▶ **DIRECTIONS**
What you produce should be an exact transcription of the data, minus any pictures.

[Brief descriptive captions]
Content starts

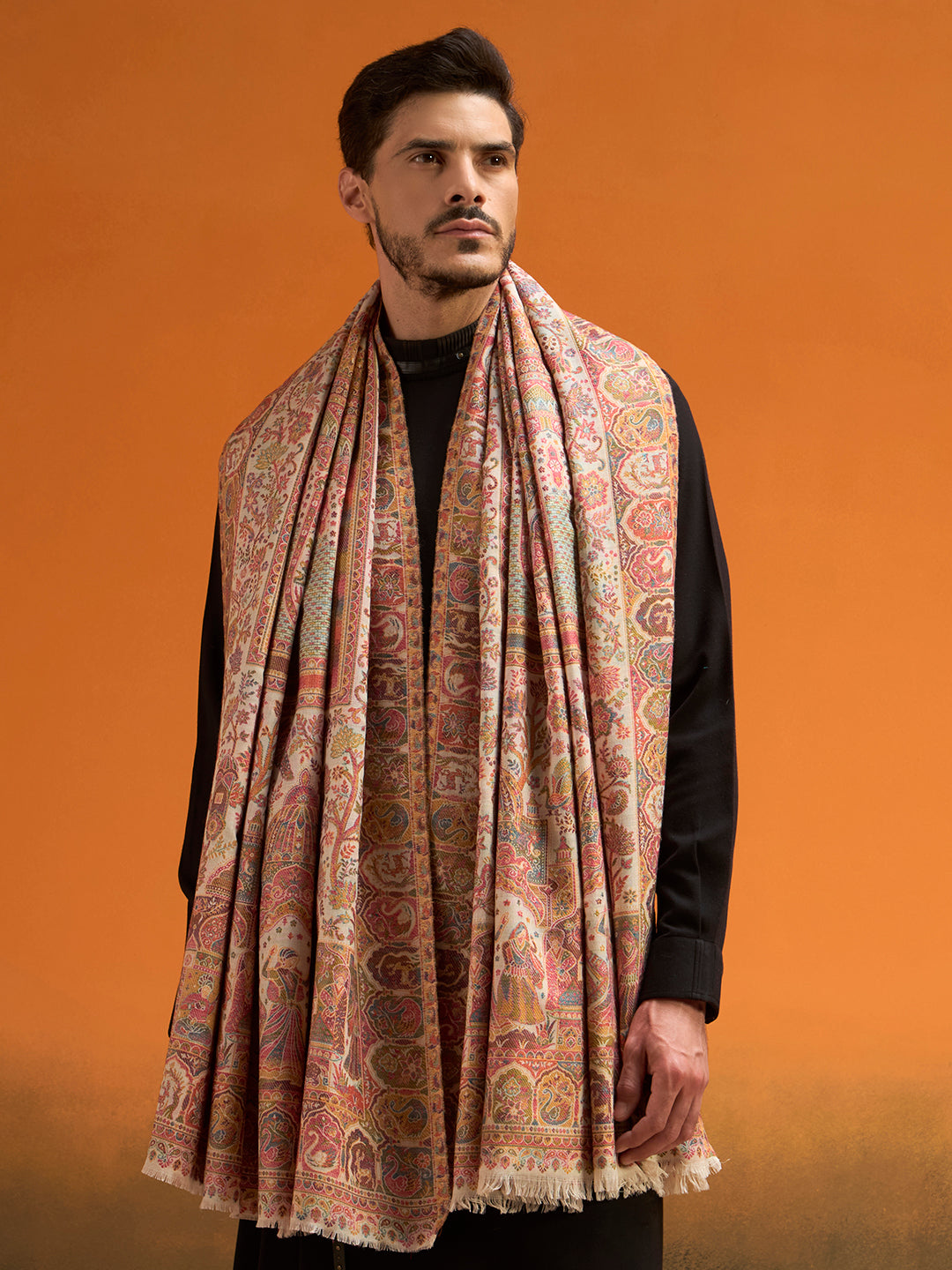 Pashmoda Men Shahi Manzar Fine Wool Kaani Shawl, Authentic Kashmiri Pashmina Style Wrap, Medium Gents Lohi, Traditional Jamawar Woven Design, Gift Box Packed, White Colour (40 x 80 Inches)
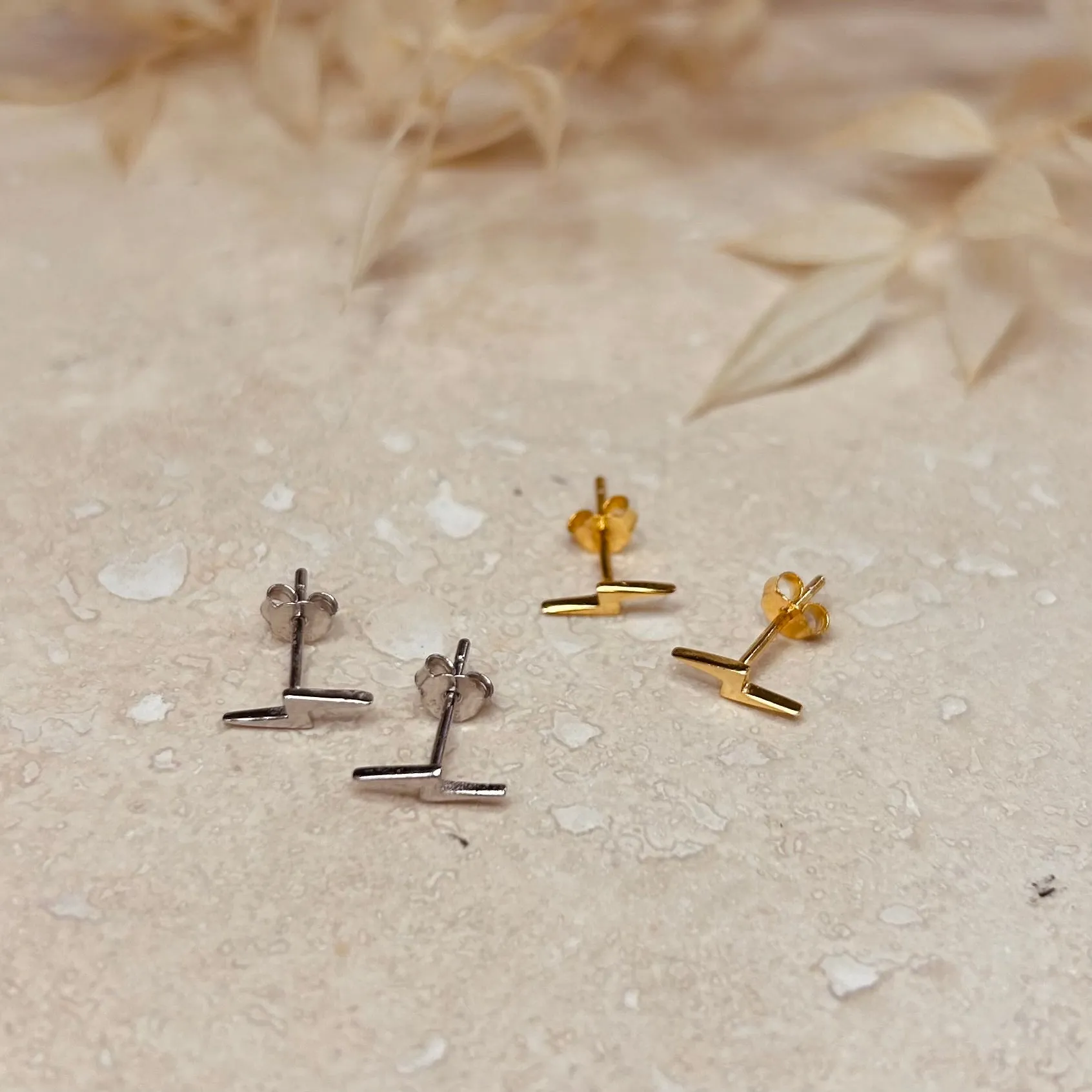 Gold or Silver Plain Lightning Studs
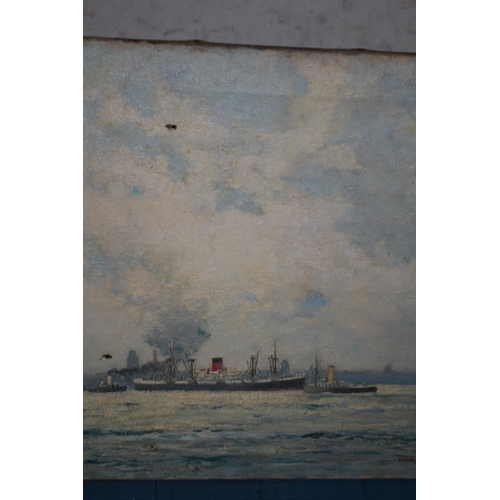 276 - Oil on Canvas Original Painting by Morgan Arthur Thornley of a Steam Ship - 1959 - 52 x 41 - Leaving... 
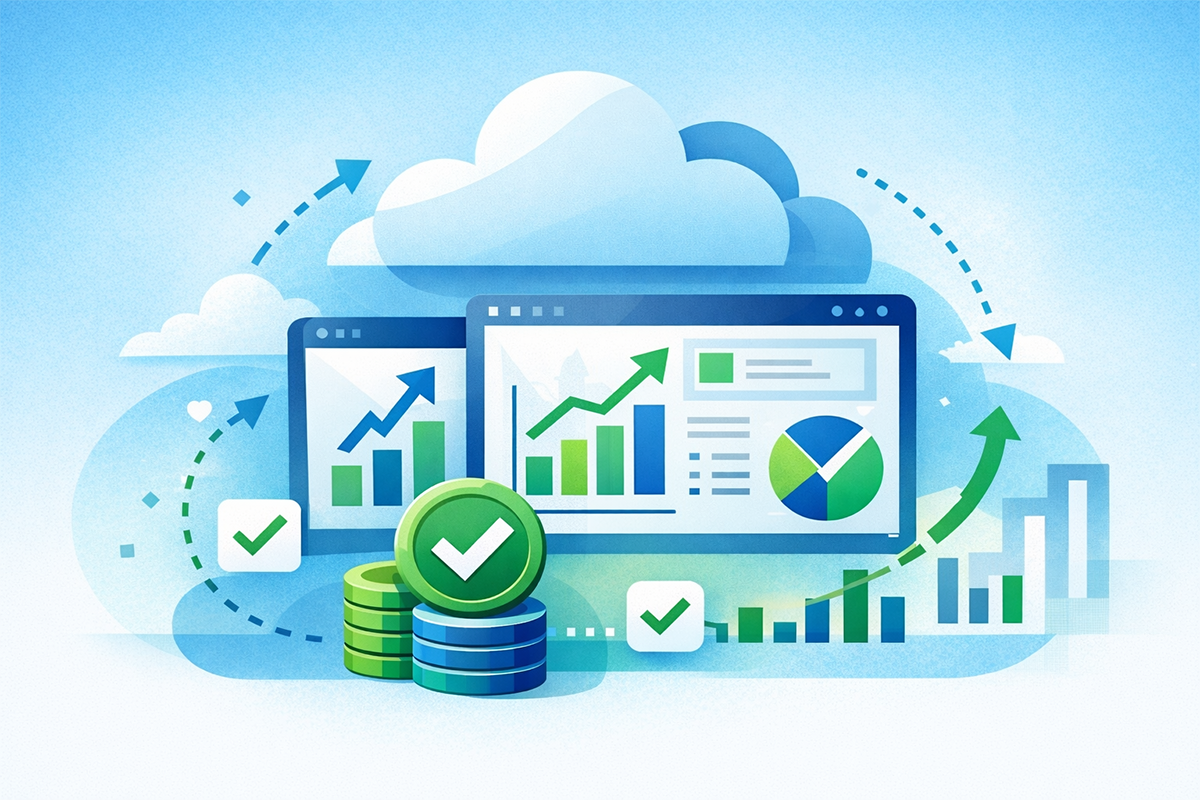 Illustration of financial growth with graphs, charts, arrows, and coins against a cloud backdrop, symbolizing data analytics and progress.
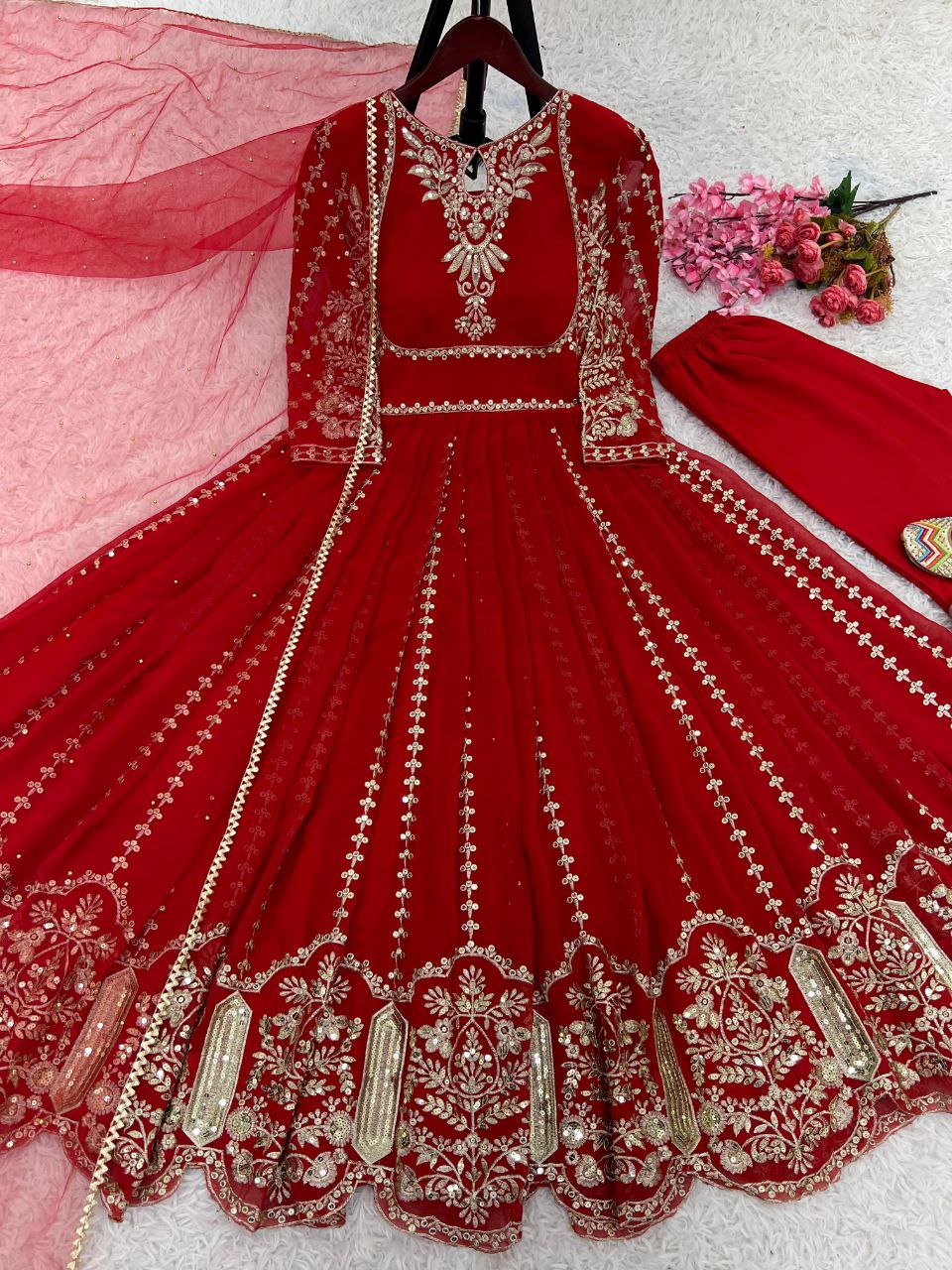 Designer Red Georgette Diwali Special Anarkali Gown With Dupatta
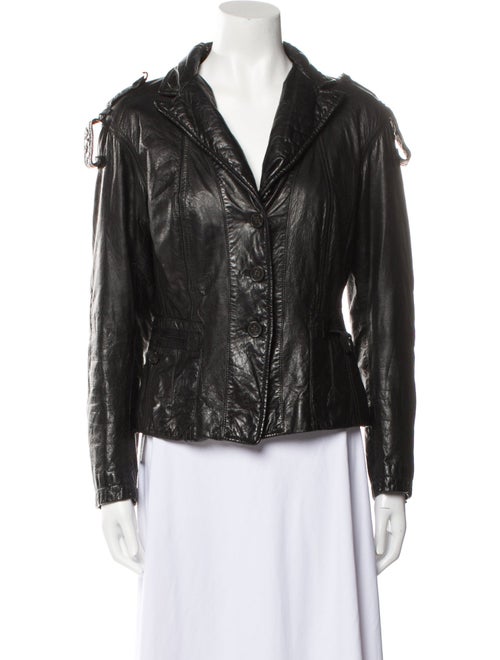 Donna Karan Leather Biker Jacket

Content ends

▶ **SOLUTION FOR THIS TASK**
 Pashmoda Men Shahi Manzar Fine Wool Kaani Shawl, Authentic Kashmiri Pashmina Style Wrap, Medium Gents Lohi, Traditional Jamawar Woven Design, Gift Box Packed, White Colour (40 x 80 Inches)
 Gold or Silver Plain Lightning Studs
 276 - Oil on Canvas Original Painting by Morgan Arthur Thornley of a Steam Ship - 1959 - 52 x 41 - Leaving... 
 Illustration of financial growth with graphs, charts, arrows, and coins against a cloud backdrop, symbolizing data analytics and progress.
 Designer Red Georgette Diwali Special Anarkali Gown With Dupatta
 Donna Karan Leather Biker Jacket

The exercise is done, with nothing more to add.